La primera Cartagena
Carolina Rodríguez (Colombia)


Carolina.

Todos los expedicionarios asomados en la orilla del buque militar, observando por primera vez la costa de Cartagena. Esta era la primera Cartagena que a mi como colombiana, me recordó mi Cartagena de Indias, fundada con ese nombre en conmemoración al lugar en donde estábamos próximos a poner nuestros pies.

Bajamos a tierra y el Ayuntamiento de Cartagena nos regaló bolsas con mapas, guías y una neverita; pero había algo que nos emocionaba aún más para los americanos: bañarnos por primera vez en el Mediterráneo. Las cosas, sin embargo, no eran tan sencillas: debíamos caminar entre fábricas, bodegas y puertos de desembarco. Finalmente, un oasis apareció ante nosotros. La playa no era muy bonita, pero el mar estaba fresco y delicioso. Tirados en la arena para coger buen bronceado, saltábamos desde una piedra y nos preparábamos para nadar sobre la siguiente ola. Para los americanos, el Mediterráneo ya era nuestro.

En la Universidad Politécnica de Cartagena, un refresco y un concierto del Festival Internacional de Música Mediterránea. Eran ocho hombres vestidos de negro, con gafas oscuras y grandes instrumentos de viento. Abrieron el concierto con la mejor canción Sgt. Peppers Lonely Hearts Club Band.

En medio de aplausos, palmas rítmicas, bailes improvisados y, alguna que otra canción, los ruteros nos sumergimos en las notas alegres y calmadas de las trompetas, trombones, tubas, y la batería. Nunca olvidaremos cómo fue que Mateo de Argentina concluyó por medio de un juego de palabras que él era Stevie Wonder, además de ser perfecto, dios, etc.

Sonó el conocidísimo megáfono, pero esta vez era el Subjefe Ángel quien nos llamaba: expedicionarios, fuera salimos rápido. Ya en medio de una ciudad dormida, los 350 nos movíamos hacia las ruinas del Teatro Romano de Cartagena, que fue descubierto hace poco tiempo bajo muchos edificios modernos que fueron demolidos para conservar el antiguo teatro. Un arqueólogo nos contó con más experiencia y detalle la historia de este monumento.

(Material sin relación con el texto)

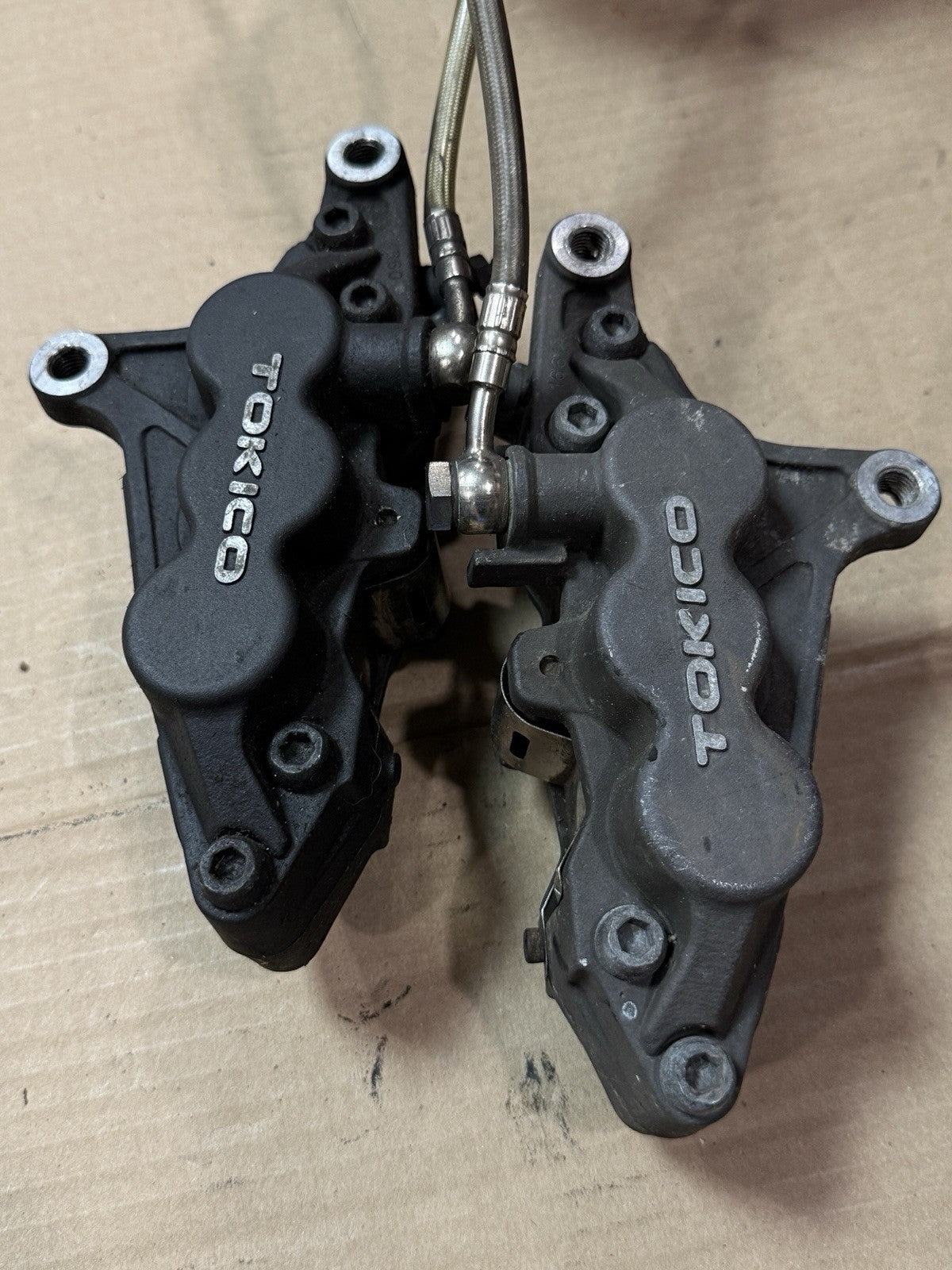 98-99 KAWASAKI NINJA ZX6R RIGHT LEFT FRONT BRAKE CALIPER SET PAIR CALIPERS Lever1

Después, pero no finalmente, nos dirigimos hasta nuestro hogar flotante. Todos, o muchos, queríamos llegar a dormir, aunque fuera en las estrechas literas que nos han correspondido, pero debíamos tomar una ducha obligatoria para evitar el olor característico de la Ruta. Limpios y cansados, nos tendimos en las literas, que son cómodas, a pesar de no ser muy atractivas o agradables.

Terminó así uno de los últimos días de la Ruta, entre el olor de la gasolina y las paredes con chalecos verdes de salvamento y el estampado de H. Cortés.